> [Supplied entries]:
= = =

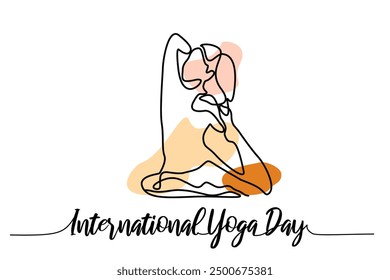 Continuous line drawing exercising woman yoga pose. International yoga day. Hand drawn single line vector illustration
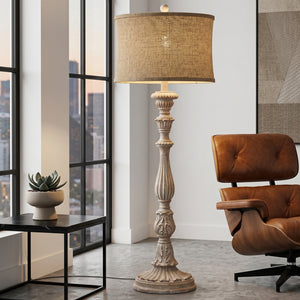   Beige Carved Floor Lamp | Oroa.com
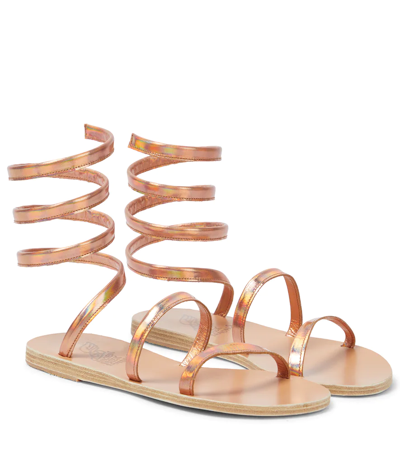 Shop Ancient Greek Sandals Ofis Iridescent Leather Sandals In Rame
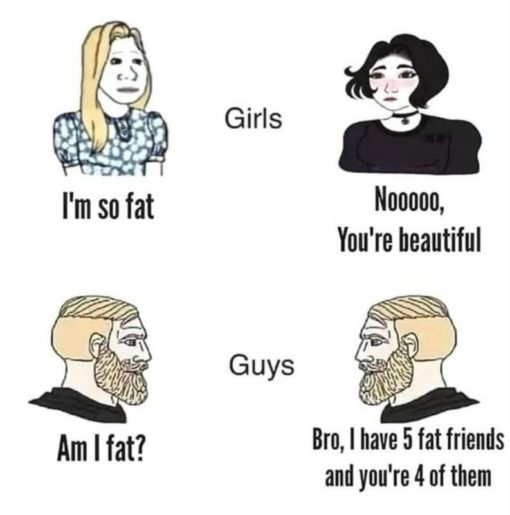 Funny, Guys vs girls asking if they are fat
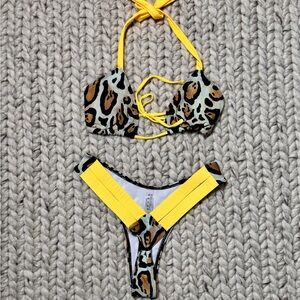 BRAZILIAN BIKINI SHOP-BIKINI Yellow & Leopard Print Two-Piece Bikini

= = =

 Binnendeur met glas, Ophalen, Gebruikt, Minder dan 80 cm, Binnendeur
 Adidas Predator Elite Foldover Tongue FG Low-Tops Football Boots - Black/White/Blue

= = =

> [Exercise objective]:
Starting at the line above with "Funny, Guys vs girls asking if they are fat", output every line exactly up to and including the line with "BRAZILIAN BIKINI SHOP-BIKINI", but none of the pictures.

> [Task solution]:
 Funny, Guys vs girls asking if they are fat
 BRAZILIAN BIKINI SHOP-BIKINI Yellow & Leopard Print Two-Piece Bikini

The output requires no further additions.